◆ SOURCE RECORDS
------

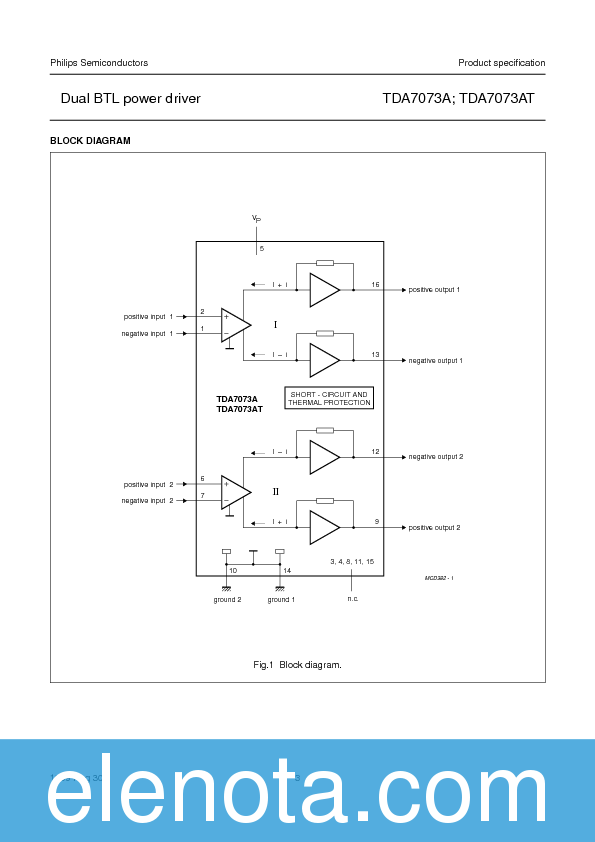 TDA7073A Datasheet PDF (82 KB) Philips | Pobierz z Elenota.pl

------

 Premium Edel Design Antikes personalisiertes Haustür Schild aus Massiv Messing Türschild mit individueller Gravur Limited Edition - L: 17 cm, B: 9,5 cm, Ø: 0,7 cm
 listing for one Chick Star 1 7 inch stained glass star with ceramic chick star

------

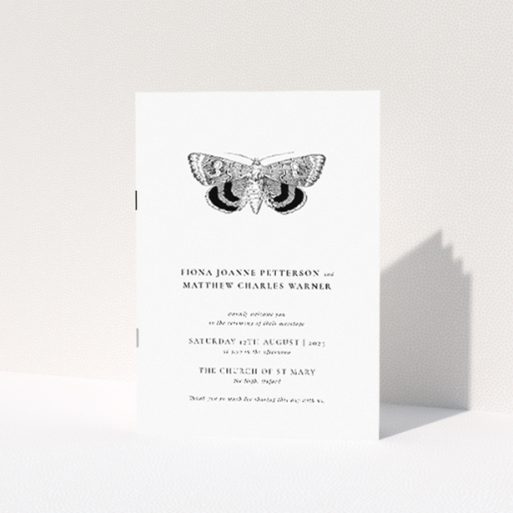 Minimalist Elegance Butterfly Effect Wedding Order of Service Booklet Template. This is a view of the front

------

◆ REQUIRED WORK
In the entries above, find the line with "Premium Edel Design" and the line with "listing for one", then set down exactly those two and every line between them, nothing else.

◆ RESPONSE
 Premium Edel Design Antikes personalisiertes Haustür Schild aus Massiv Messing Türschild mit individueller Gravur Limited Edition - L: 17 cm, B: 9,5 cm, Ø: 0,7 cm
 listing for one Chick Star 1 7 inch stained glass star with ceramic chick star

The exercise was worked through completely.